[Records from a data collection]
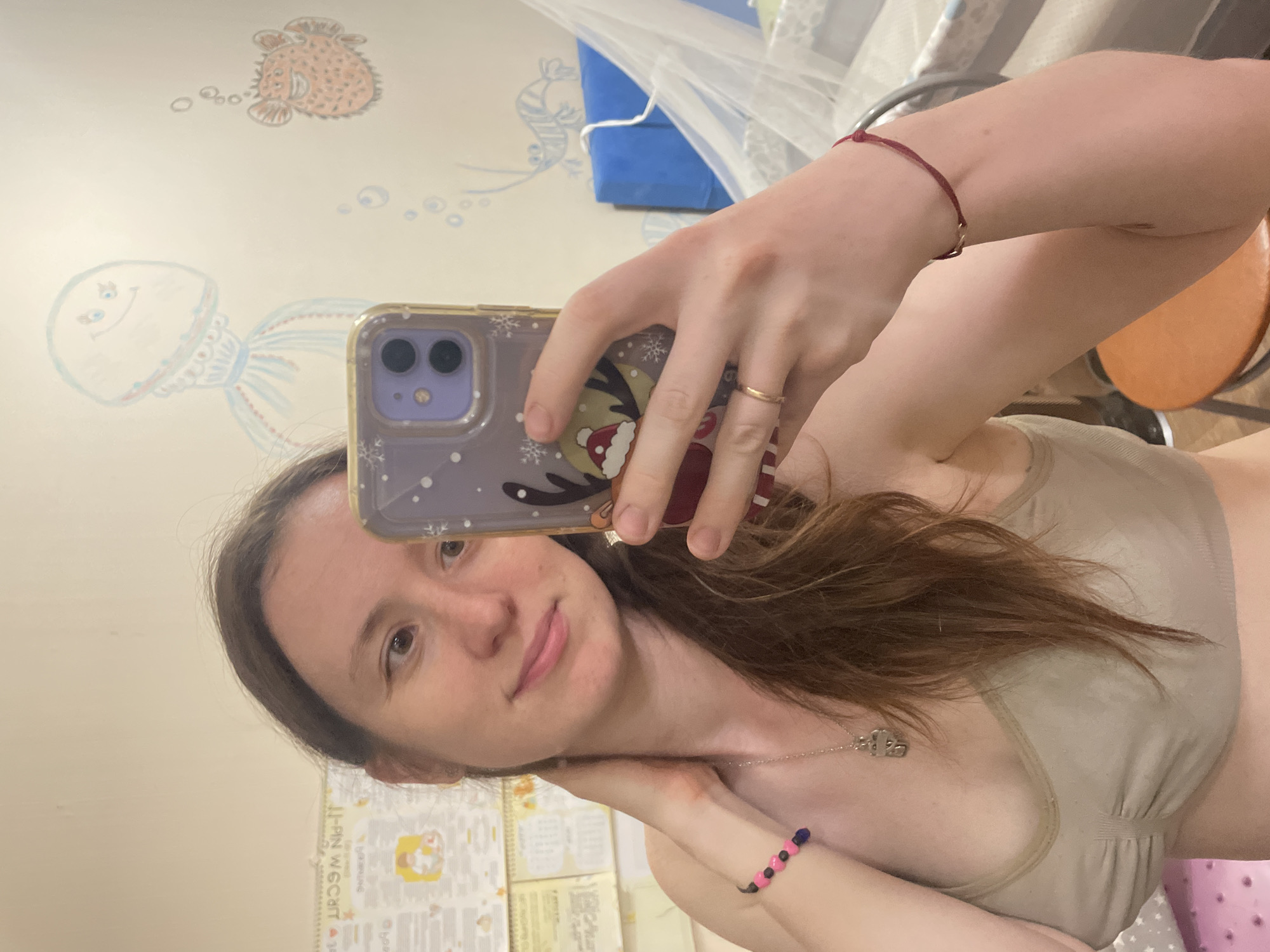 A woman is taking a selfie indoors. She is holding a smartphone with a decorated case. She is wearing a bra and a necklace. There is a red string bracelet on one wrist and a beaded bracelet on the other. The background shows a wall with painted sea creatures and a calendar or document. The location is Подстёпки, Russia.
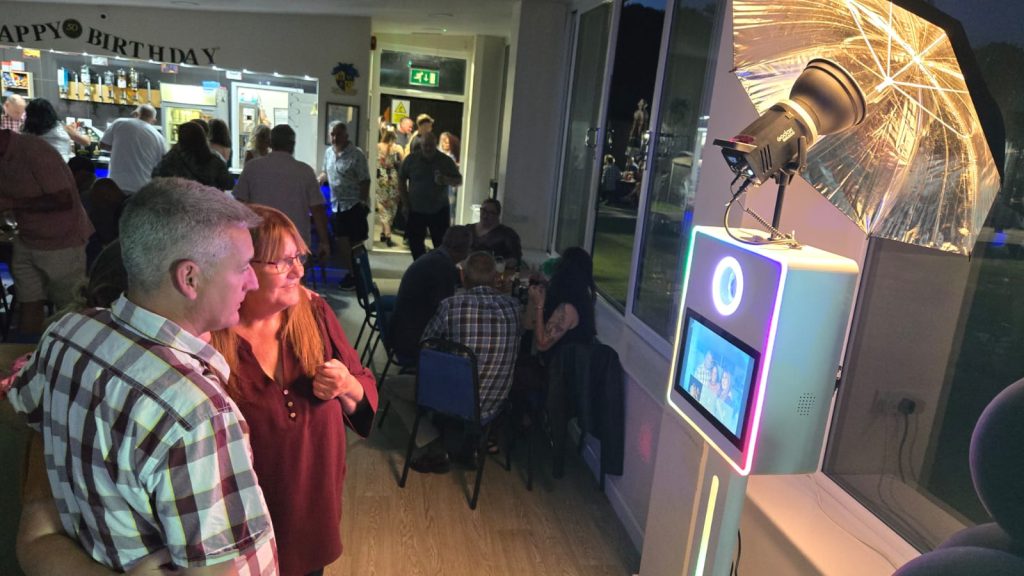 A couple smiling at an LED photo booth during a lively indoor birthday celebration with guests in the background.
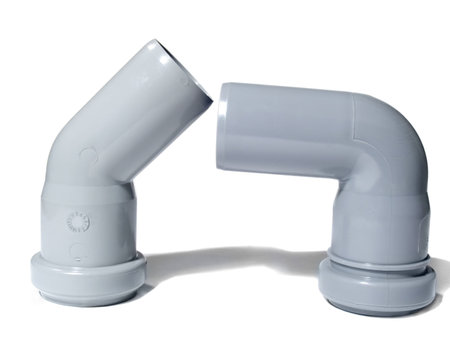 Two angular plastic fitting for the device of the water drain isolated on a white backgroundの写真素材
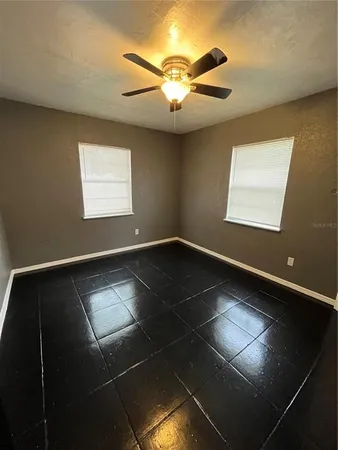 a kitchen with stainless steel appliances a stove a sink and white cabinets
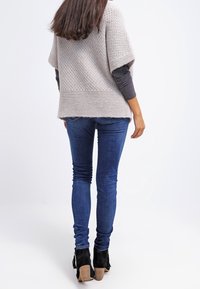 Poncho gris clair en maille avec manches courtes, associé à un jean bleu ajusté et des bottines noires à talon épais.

**Brief**
Please retype the lines from the one that contains "a kitchen with" through the final line of the data, both included, without any pictures.

**Answer**
 a kitchen with stainless steel appliances a stove a sink and white cabinets
 Poncho gris clair en maille avec manches courtes, associé à un jean bleu ajusté et des bottines noires à talon épais.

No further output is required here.